◆ The problem
What you return should be the complete listing, unchanged, with no pictures in it.

◆ Records for the exercise

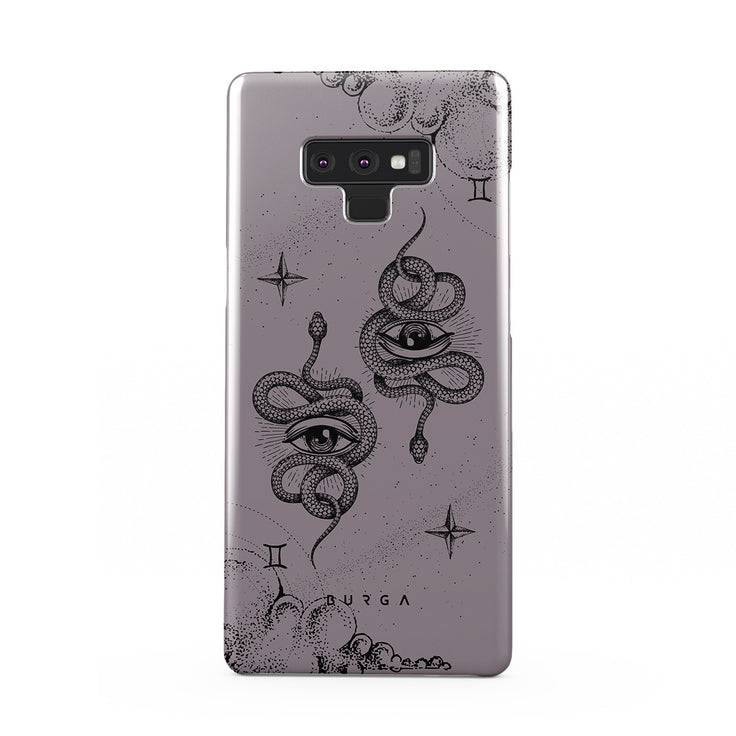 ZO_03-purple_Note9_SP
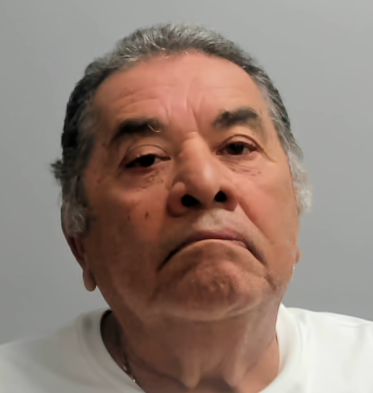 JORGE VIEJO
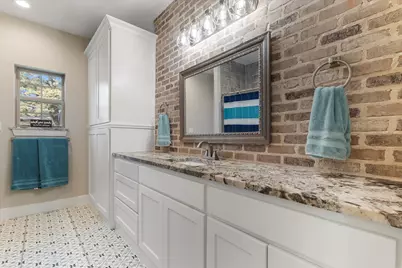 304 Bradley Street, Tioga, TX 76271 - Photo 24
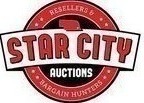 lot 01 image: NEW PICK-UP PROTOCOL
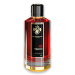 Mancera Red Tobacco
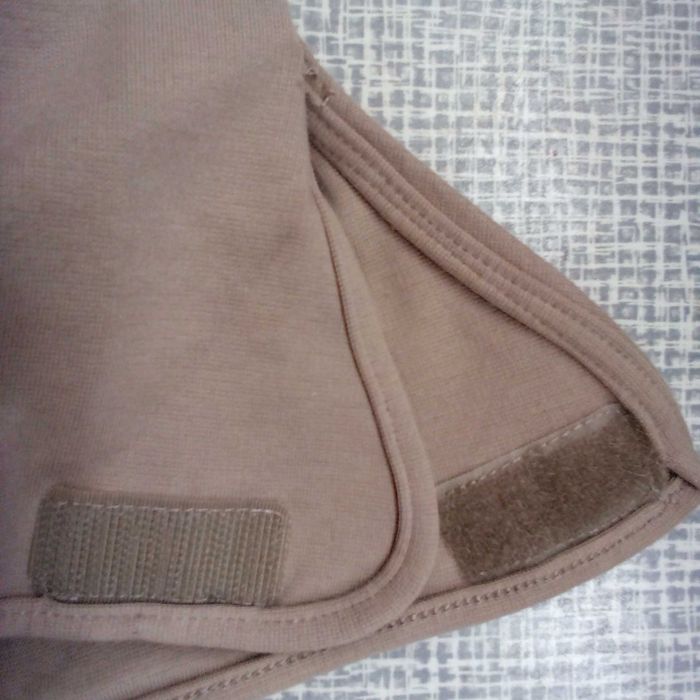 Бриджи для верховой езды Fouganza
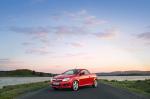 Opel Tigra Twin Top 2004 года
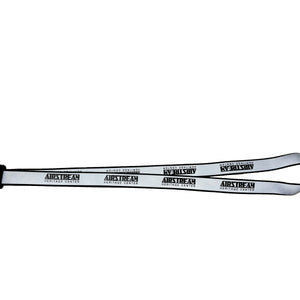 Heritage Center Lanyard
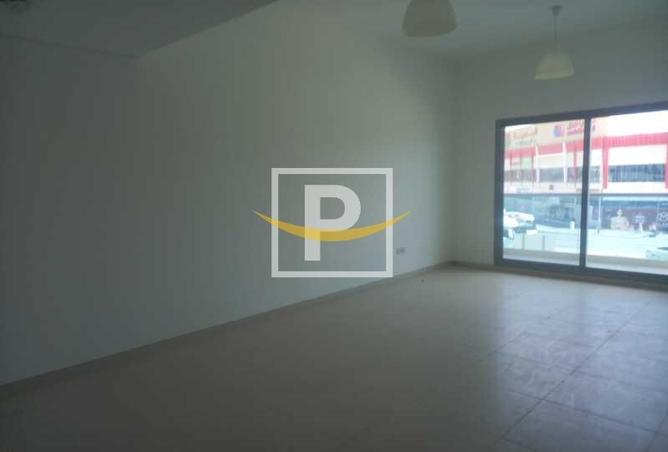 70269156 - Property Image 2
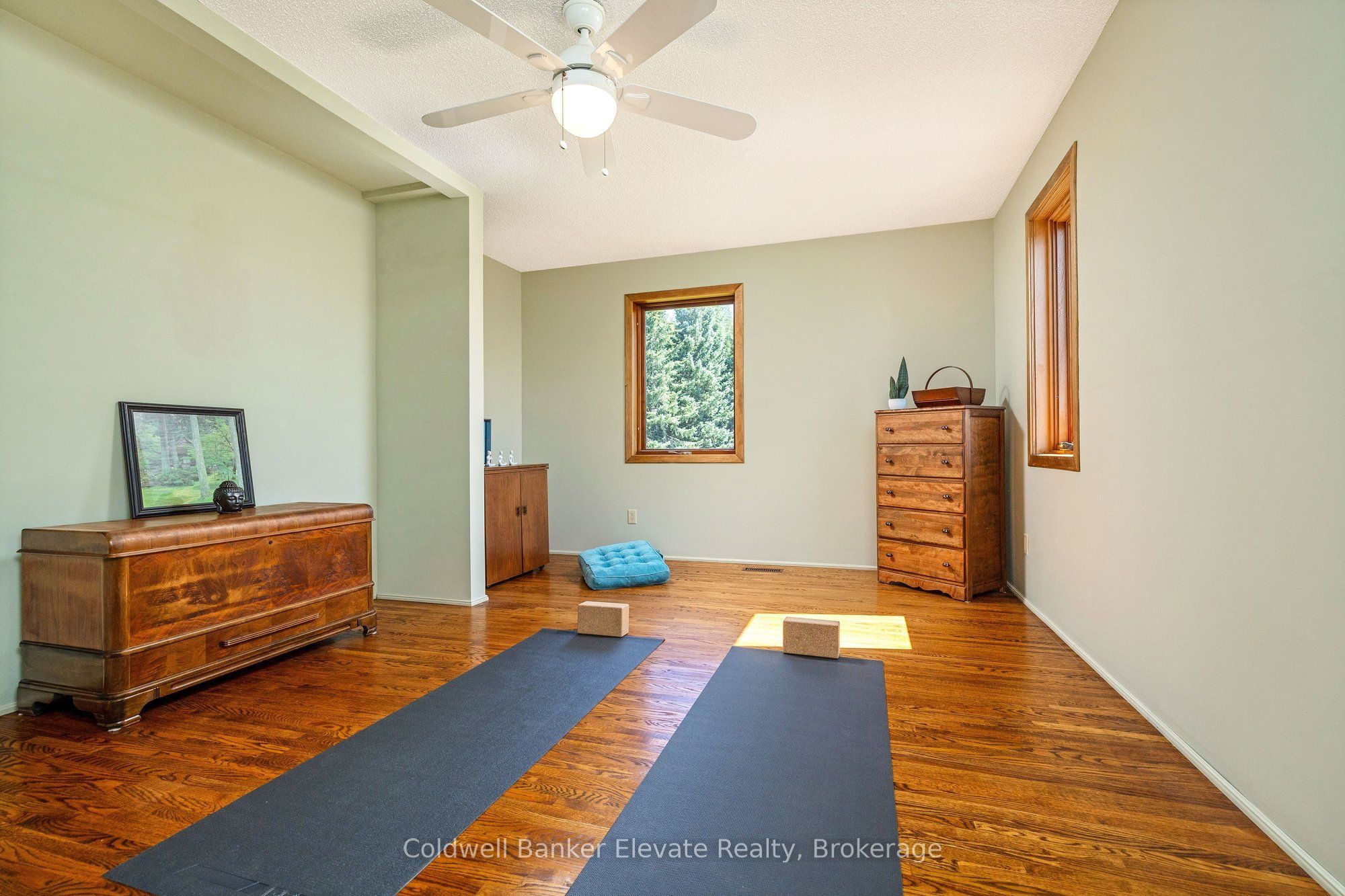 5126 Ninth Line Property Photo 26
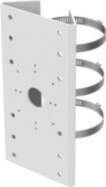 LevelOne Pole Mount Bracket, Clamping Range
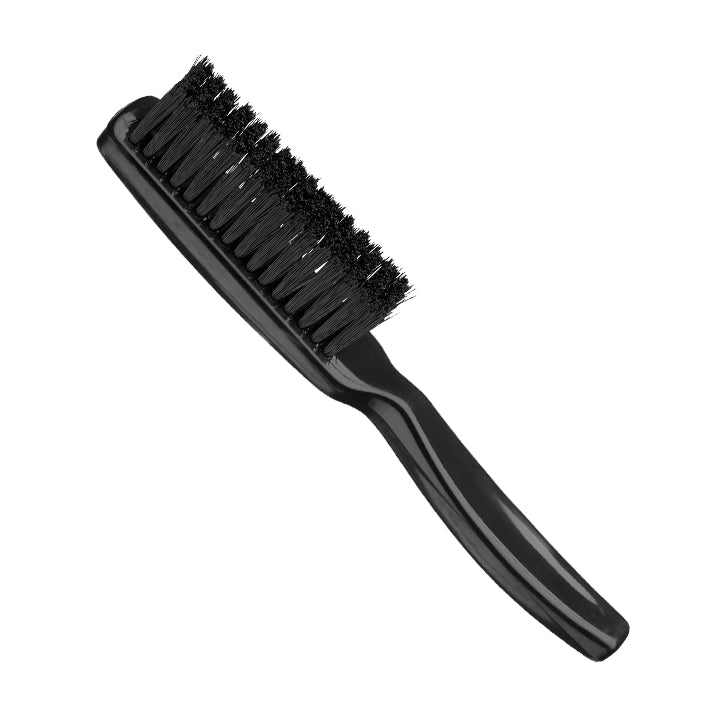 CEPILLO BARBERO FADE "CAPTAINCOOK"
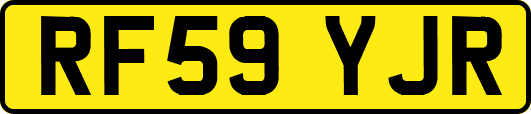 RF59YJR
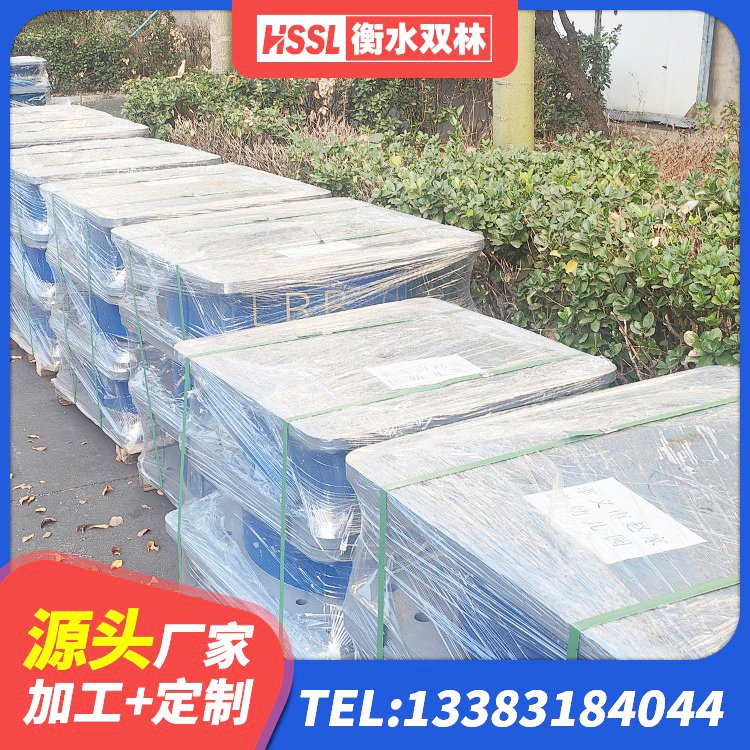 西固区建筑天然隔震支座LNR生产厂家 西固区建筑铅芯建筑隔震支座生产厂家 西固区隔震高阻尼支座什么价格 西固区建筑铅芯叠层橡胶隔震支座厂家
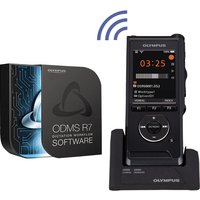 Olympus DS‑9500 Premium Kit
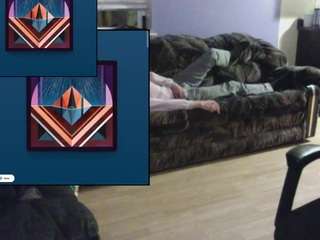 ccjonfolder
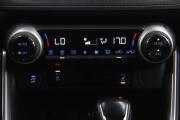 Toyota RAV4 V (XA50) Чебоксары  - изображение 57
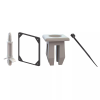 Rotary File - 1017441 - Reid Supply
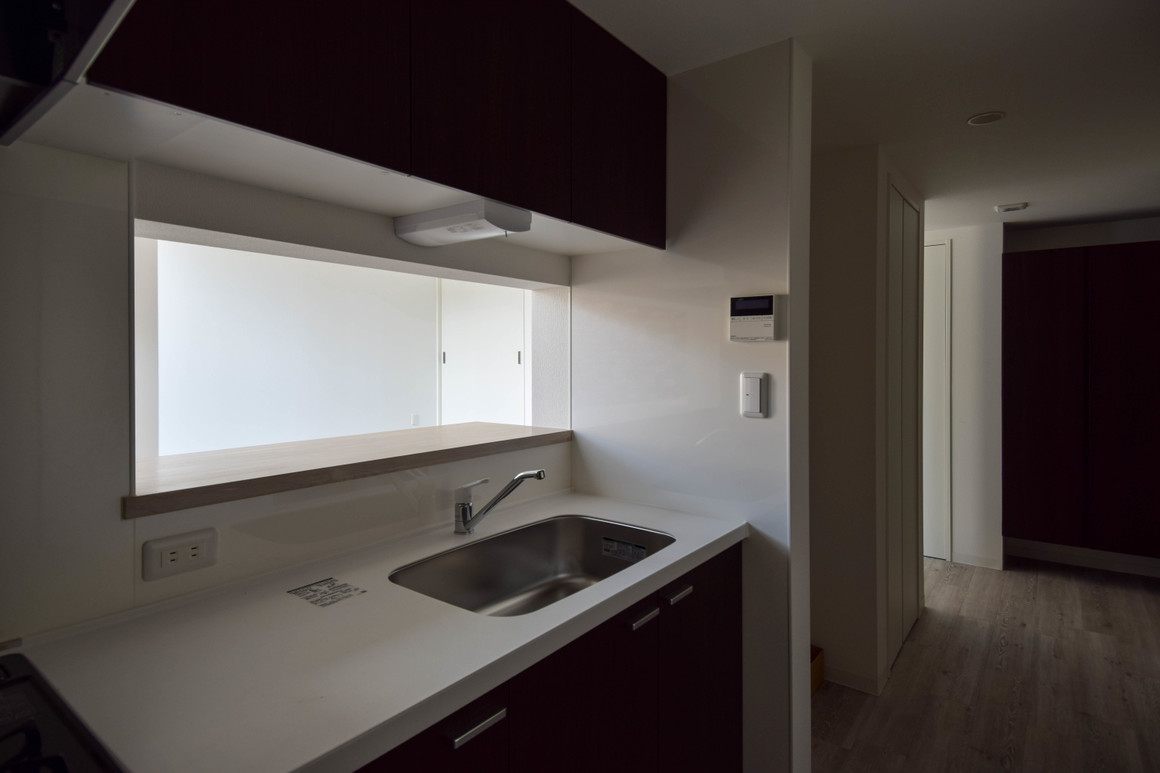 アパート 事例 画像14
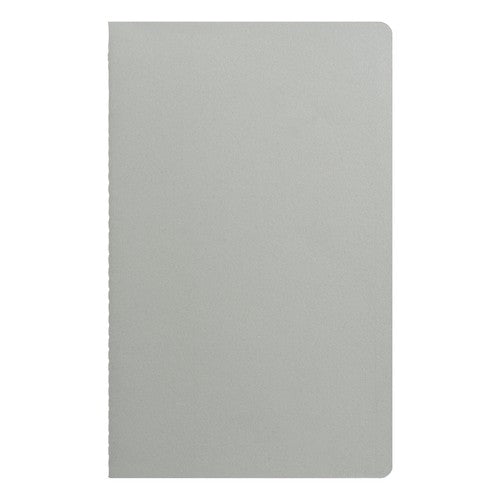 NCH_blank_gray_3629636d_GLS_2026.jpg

◆ Expected answer
 ZO_03-purple_Note9_SP
 JORGE VIEJO
 304 Bradley Street, Tioga, TX 76271 - Photo 24
 lot 01 image: NEW PICK-UP PROTOCOL
 Mancera Red Tobacco
 Бриджи для верховой езды Fouganza
 Opel Tigra Twin Top 2004 года
 Heritage Center Lanyard
 70269156 - Property Image 2
 5126 Ninth Line Property Photo 26
 LevelOne Pole Mount Bracket, Clamping Range
 CEPILLO BARBERO FADE "CAPTAINCOOK"
 RF59YJR
 西固区建筑天然隔震支座LNR生产厂家 西固区建筑铅芯建筑隔震支座生产厂家 西固区隔震高阻尼支座什么价格 西固区建筑铅芯叠层橡胶隔震支座厂家
 Olympus DS‑9500 Premium Kit
 ccjonfolder
 Toyota RAV4 V (XA50) Чебоксары  - изображение 57
 Rotary File - 1017441 - Reid Supply
 アパート 事例 画像14
 NCH_blank_gray_3629636d_GLS_2026.jpg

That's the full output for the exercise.